VL.Audio FFT

You all know this FFT node, and it has an input called “Buffer Size”, with which one can specify how many frequency bands should be analyzed.


I have been asking myself: Why is it an integer, although it will always just output a spread with a count to the power of 2? Also it needs to be always one value above the output count you want to have - for example, if I want 512 bands, I need to set the buffer size to at least 513. What is the logic behind all of that?

Would it be desireable to have the buffer size available as an enum with options 64, 128… up to let’s say 16384, and count it up internally by 1? Or is it neccessary to be able to go lower, higher or in between these numbers?

If this made sense, I could try myself on this with a PR, but would need an example on how to define enums, because IIRC this is only possible in C#, right?

This question is especially for people who have worked with the FFT node in the past. Would be nice to get some feedback about the use cases and if it made sense to switch to an enum with pre-defined block counts.

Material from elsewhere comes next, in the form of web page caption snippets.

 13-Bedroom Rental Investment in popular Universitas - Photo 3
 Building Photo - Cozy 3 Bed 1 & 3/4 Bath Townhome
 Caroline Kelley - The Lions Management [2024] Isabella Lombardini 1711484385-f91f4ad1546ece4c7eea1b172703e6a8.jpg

  • For the Fourier Transform, an input of n samples will yield an output of n/2 frequency bands (e.g. 512 samples → 256 frequency bands)
    • (reason for that is, that the algorithm will also output 256 negative frequencies that are a mirror of the frequencies that you are actually interested in. in total you actually get 512 bands, but put simply they are 2 times the same info (sorry, a deeper explanation would need much more space)).
  • Some info about the Fast Fourier Transform: This is a nice algorithm that calculates the Fourier Transform very efficiently (hence the ‘fast’ in the name). However, it requries
    • a sample count that is a power of 2. if this is not the case, the node will automagically fill up the samples to the next power of 2, which is why in this example you see the same output spread count of 512 for an input spread count of 513-1024.

so don’t worry about only getting half the frequencies when specifying a sample count with a power of 2 - that’s exactly how it’s meant to be used.

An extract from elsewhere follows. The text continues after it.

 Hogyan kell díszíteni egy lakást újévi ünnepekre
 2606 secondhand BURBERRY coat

but i agree, instead of having and input called “Buffer Size” and having to know that the output spread will only contain half of the size’s values, we could also have an input called “Frequency Bin Count” where you specify the spreadcount for the output directly. and yes, then let’s have it as enum because it can by definition only have pow2 values. thoughts?


Makes sense to me.
I know how FFT works but this change would probably lead to less irritation.

I found the FFT workflow in VVVV a bit confusing in other areas, since it outputs an IReadOnlyList while most FFT-consuming nodes want a Spread.
If that isn’t mandatory for higher reasons, a bit of streamlining could make things more straightforward to setup maybe?



latest vvvv 6.0 preview now has this reworked as mentioned: FFT node has an enum input called “Bin Count” (instead of buffer size), so a value you set there corresponds to the output spread count. In addition there are now nodes: PickFFTBinBand and PickFFTFrequencyBand for quickly accessing FFT values.

note that this is a breaking change, but ideally the advantages of less confusion should outweigh the minor hoops you have to go through, adapting existing patches.